Denn mit dem 1971 erschienenen Roman „Krabat“, einem Märchen über die Verführbarkeit der Jugend durch dunkle Magie, hat Preußler eine symbolische Verarbeitung seiner eigenen Jugend geschrieben. Anstatt diesen Umstand zu berücksichtigen und einen Menschen als Kind seiner Sozialisation und Zeit zu sehen, bewertete man seitens der Schule ein einzelnes Frühwerk („Erntelager Geyer“) so hoch, dass Preußlers eigentliches Werk plötzlich davon überlagert schien, was völliger Quatsch ist.
Und als sei das nicht genug, ließ die Schulleitung im Frühjahr dieses Jahres auch noch gut katholisch verlauten, dass die in Preußlers Werken dargestellten Konfliktlösungsstrategien durch Zauber und Hexerei ohnehin fragwürdig seien. Ein Affront, der Preußlers Werk ins Herz traf, denn die Fantasie ist doch genau das, was Preußlers Figuren Autoritäten überwinden lässt. Und Kindern spielerisch beibringt, dass und wie sie an sich glauben dürfen. Nachdem das Pullacher Gymnasium die Rückkehr zum früheren Namen, also den Status einer preußlerfreien Schule beantragt hatte, lag die Entscheidung beim bayerischen Kultusministerium.

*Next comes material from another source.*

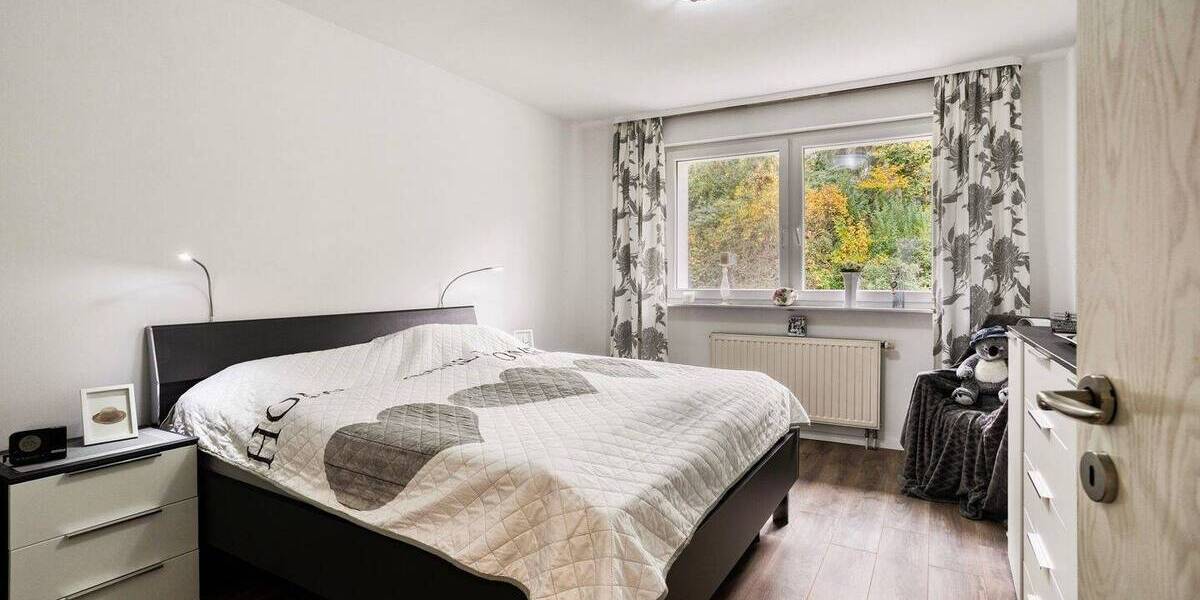 Reihenendhaus Mülheim an der Ruhr Mitte-Ost - 7 Zimmer, 184 m&sup2;, 559.000&euro; | Angebot:23935655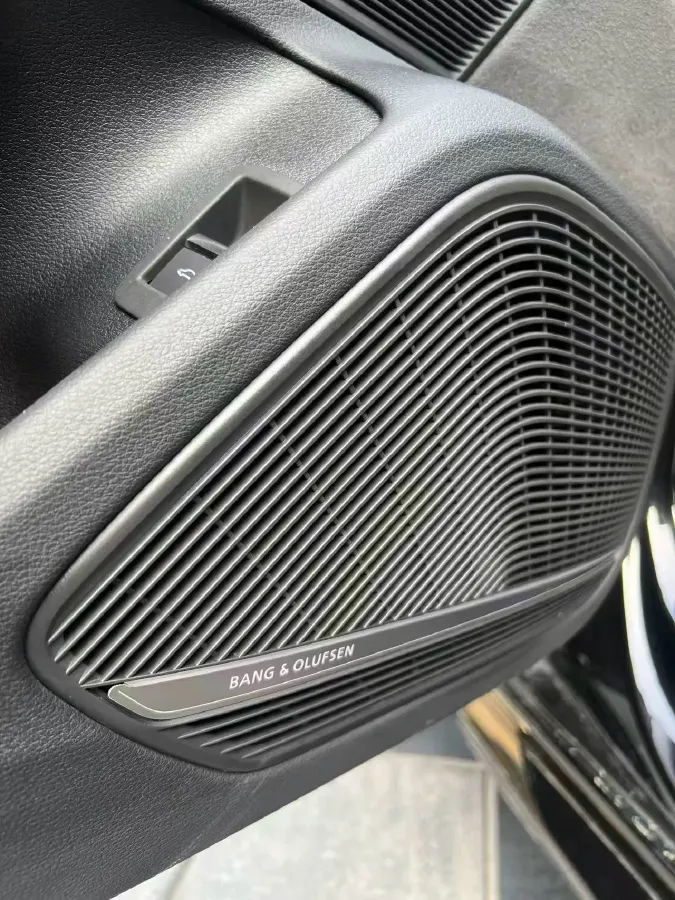 2023 Audi RS 4 2.9T 450HP V6 8AT,autocango,china used car exporter,china ev exporter,chinese used car exporter,chinese used ev exporter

Das wies den Antrag auf Namensänderung zurück, räumte der Schule – laut eines Berichts der „FAZ“ – aber die grundsätzliche Möglichkeit der Wiedervorlage ihres Ersuchens ein. Susanne Preußler-Bitsch hat nun entschieden richtig gehandelt. Indem sie der Pullacher Schule die Namensnutzung von sich aus untersagt, kommt sie einer weiteren Endlos-Debatte über einen ja-nein-vielleicht-würdigen Schulpatron zuvor. Bereits der Antrag auf Umbenennung seitens der Schule hatte im Frühjahr für ein großes, überbordendes Medienecho geführt. Eine Schule, die nicht nach Preußler heißen will, sollte es auch nicht dürfen. Gut so!